Post
Topic
Board Mining
Re: Mining will always be barely profitable
by
geek-trader
on 11/07/2011, 03:57:50 UTC
I agree with your general idea.  However, I disagree with part of your hypothesis. 

"This happens because difficulty always corrects itself when there are too many or too few people mining. If it is really worth it, people will get in. If it is not, people will get out.
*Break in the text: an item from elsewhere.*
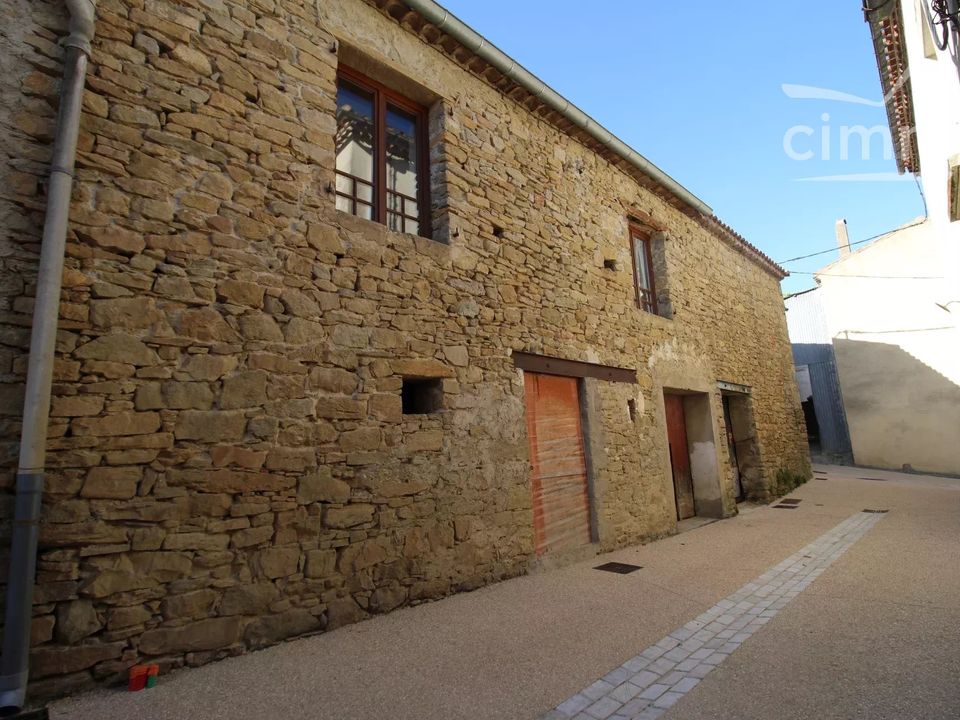 Landejendom i Conilhac-De-La-Montagne, Aude - foto 1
It's a smooth process of self-adjustment."

I'm in California, I own my home so I pay my own electricity.  I'm in an electricity worst-case scenario.   Angry

I bought a 5830 to mine and stuck it in my existing file server.  The difference between mining and just serving files is 125 watts.  That's 45 cents a day.  I live by the beach, so I don't use air conditioning, I just open the windows.  Heat generation from my 1 card is not an issue, so lets just take the direct 125 watts / 45 cents a day.

At the current difficulty, it takes me 5 1/4 days to mine 1 BTC.  That's $2.33 of electricity to mine 1 BTC.

I will not stop mining unless the price of a BTC falls below $2.33, or the difficulty gets so high that it takes weeks and weeks to mine a BTC.  I don't see the difficulty getting so high that the electricity cost of a bitcoin passes the USD price of a bitcoin any time soon.

Plus, I like mining.  I've met some cool people mining.

My point is, after you've bought the hardware, the incentive to "get out" is low.  Maybe people running several multi card rigs will cut back, but the "hobbyist" miner like myself is here to stay.

Now, the incentive for new people to get in DOES get lower as the difficulty gets higher.  Why spend hundreds on hardware that will never get paid back?